The 18-year-old Joe Dougherty, a senior in high school, was the master of ceremonies at the event.
“So, anybody having sex? What’s that like?” Dougherty said at the beginning of the show.
Dougherty, who attends Roman Catholic High School, said he’d been doing comedy for about two years.
“I just looked the show up on my own. It was a great time, and I’d love to come back, if I get invited back,” he laughingly added.
The light-hearted event was one of many for the professional student organizations PRSSA and PRowl.
“We have bake sales, like any organization,” said Mary Bienkowski, a junior public relations major and director of fundraising for PRSSA. “We also had a Philadelphia Eagles event, and we’re having an open mic on Dec. 4 called ‘Oral in the Underground.’”
“For a student-run event, I think it’s great,” PRSSA President Lindsay Bues said.
“It’s good because it’s so hands-on,” said Bues, a senior public relations major. “We deal with all aspects of advertising, sending out information and getting exposure for the event.”
Exposure is a broad statement. The organizations made fliers and verbally spread the word before resorting to their last marketing public relations “stunt,” which included a man dressed entirely in green spandex passing out fliers, days before the event.
Bues said while the comedy night was the third installment of the comedy series, it started last year with Temple student and comedian Pat House, who performed Thursday night.
“I just reached out and got them to come,” said House, a senior communications major. “I’ve been doing comedy for about five years now, and these events are always a blast.”
“I’m graduating soon,” said House, as he stood with microphone in hand at the front of the room.
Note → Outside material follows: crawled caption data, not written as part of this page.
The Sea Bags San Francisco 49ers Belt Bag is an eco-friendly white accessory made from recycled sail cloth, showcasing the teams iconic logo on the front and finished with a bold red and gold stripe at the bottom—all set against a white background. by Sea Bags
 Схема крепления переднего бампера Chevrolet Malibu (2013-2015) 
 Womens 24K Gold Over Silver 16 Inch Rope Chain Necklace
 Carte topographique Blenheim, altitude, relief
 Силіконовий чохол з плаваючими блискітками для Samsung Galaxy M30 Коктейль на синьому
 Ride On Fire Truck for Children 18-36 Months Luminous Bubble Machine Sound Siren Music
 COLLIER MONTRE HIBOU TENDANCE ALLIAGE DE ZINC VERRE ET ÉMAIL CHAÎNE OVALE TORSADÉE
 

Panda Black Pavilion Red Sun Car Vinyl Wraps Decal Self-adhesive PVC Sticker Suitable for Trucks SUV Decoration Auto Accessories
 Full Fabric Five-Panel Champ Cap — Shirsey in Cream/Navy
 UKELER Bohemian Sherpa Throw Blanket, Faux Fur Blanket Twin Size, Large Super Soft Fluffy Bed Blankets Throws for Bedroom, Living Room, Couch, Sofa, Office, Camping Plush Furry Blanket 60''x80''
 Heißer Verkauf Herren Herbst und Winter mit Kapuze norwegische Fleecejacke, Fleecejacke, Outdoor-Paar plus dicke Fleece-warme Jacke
After announcing his upcoming graduation, House cut the audience’s applause short, by saying “I’m 24 guys, it’s about time.”
“I’m truly excited about the show,” said junior Jaime Scofield, firm director of PRowl. “It’s great to co-host events like this with PRSSA.”
Marketing and public relations major Scofield said PRowl is designed to give members experience of dealing with real clients, taking what they learn in classroom and applying it elsewhere.
Scofield said PRowl has about 15 members, all of whom are a part of PRSSA, which has about 45 members.
“It’s always fun to see how these events go and to plan them,” said Janaye Guinn, a senior public relations major and member of PRSSA.
“I’m here to support [Guinn], but I love seeing the comedians, too,” said Jason Williams, a senior marketing major.
Those in attendance received an evening’s worth of laughs from start to finish.